Era stato lui a ispirarmi avendomi chiesto di raccontargli favole dall’oriente per fargli dimenticare il rosso della pittura veneziana, che, così mi disse, era stata la causa della sua frattura. La questione rimase in sospeso, ma in cuor mio mi dicevo che era stata una fortuna che a spezzarsi fosse stata una gamba e non il cuore. Infatti la causa vera, secondo me, era l’incredibile riservatezza con cui affrontava certe questioni e che di certo entrava in conflitto con la sua erudizione. Nella nebbia si può ballare quando ci si mostra cordiali con il mondo e non quando lo si guarda con sospetto.
“Mi racconti una favola”, mi diceva e io non me lo facevo ripetere due volte.
Così gli parlai della sultana Nûr Banû, il cui nome voleva dire «Signora Luce», e che era tutt’altro che fiabesca, essendo figlia del governatore veneziano di Corfù. Quando Khayr al-Din Barbarossa invase l’isola, nel 1537, lui la rapì e la inviò in dono al sultano.
Notai che aveva corrugato la fronte, ma prima che lui si domandasse come possibile che una veneziana fosse diventata sultana, aggiunsi che a molte altre ragazze veneziane di nobili origini era capitato di essere rapite dai pirati, a quell’epoca un vero e proprio flagello, e di finire rinchiuse nell’harem di Topkapi.
“Ma questo non vuol dire che fossero schiave del sultano. Si tratta di una leggenda”, conclusi.
“Ne è sicura?”, mi domandò con diffidenza.
“Certo”, risposi. «Lo affermano gli archivi della Serenissima”.
Subito dopo gli raccontai la storia di una veneziana che fu rapita dai pirati lungo le coste del Friuli e fu inviata nell’harem, ma poiché il sultano non le rivolse neppure un’occhiata, dopo nove anni fece ritorno a Venezia libera e carica di gioielli. Il marito però, che l’aveva creduta morta, nel frattempo si era risposato.
“E che cosa accadde?”, domandò incuriosito mentre agitava la gamba ingessata per sgranchirsi un po’.
“Non lo so», risposi stringendomi nelle spalle. «Le cronache ne riferiscono soltanto il rapimento. Chissà, forse si è risposata anche lei”.
Continuai a raccontare la storia di Nûr Banû, una donna bella e intelligente che scelse di convertirsi all’islamismo, apprese alla perfezione la lingua turca e l’etichetta della corte ottomana, imparò a suonare il liuto e a servire con eleganza il caffè allo scopo di conoscere il sultano, cosa che avvenne nel salotto della madre.
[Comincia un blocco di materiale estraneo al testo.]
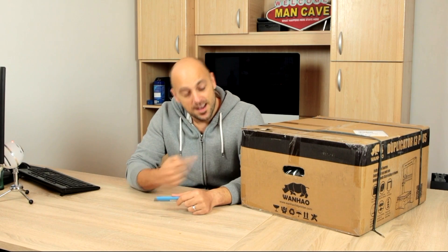Hello makers! Welcome to another episode of 3D Maker Noob. I'm Joe and today I got me a rhino. I also still have my knife, so I'm gonna cut the rhino open. Stick around!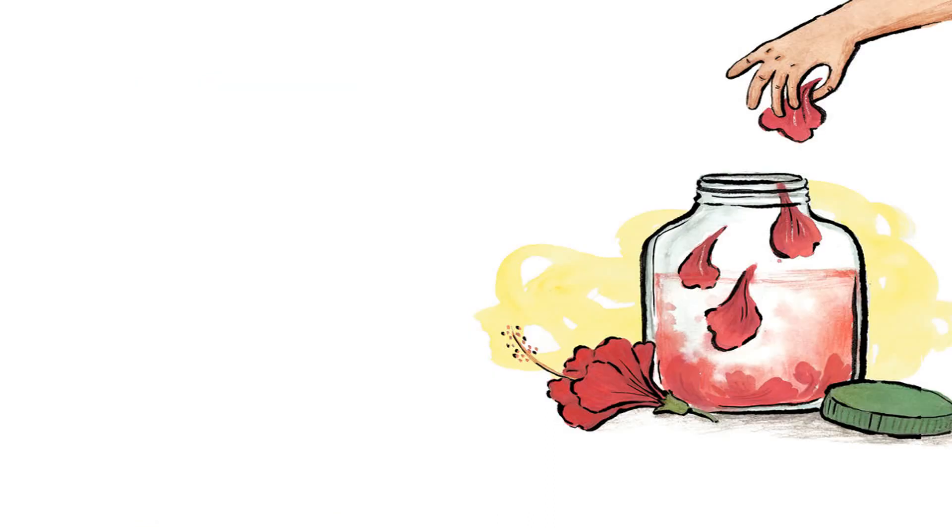Shall we make some hibiscus tea? Here's what you'll need: a glass jar with a lid, petals from four red hibiscus flowers, one liter of drinking water, and four spoons of sugar. Fill the jar with clean water, wash the petals and drop them in, close the lid and shake the bottle, leave it in the sun for three hours, add sugar and stir. Your hibiscus tea is ready — drink up!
Intanto facevo balenare nella mente di Sir Henry l’harem di Topkapi, che non aveva mai visitato, e gli feci vedere il chiosco del sultano Murat III, uno dei più belli del Serraglio, con le maioliche e la splendida fontana incastonata nel muro, da dove l’acqua sgorgava gorgogliante coprendo il brusìo delle nostre chiacchiere.
“I turchi di solito parlano sottovoce”, dissi, «mentre le odalische cinguettavano come usignoli».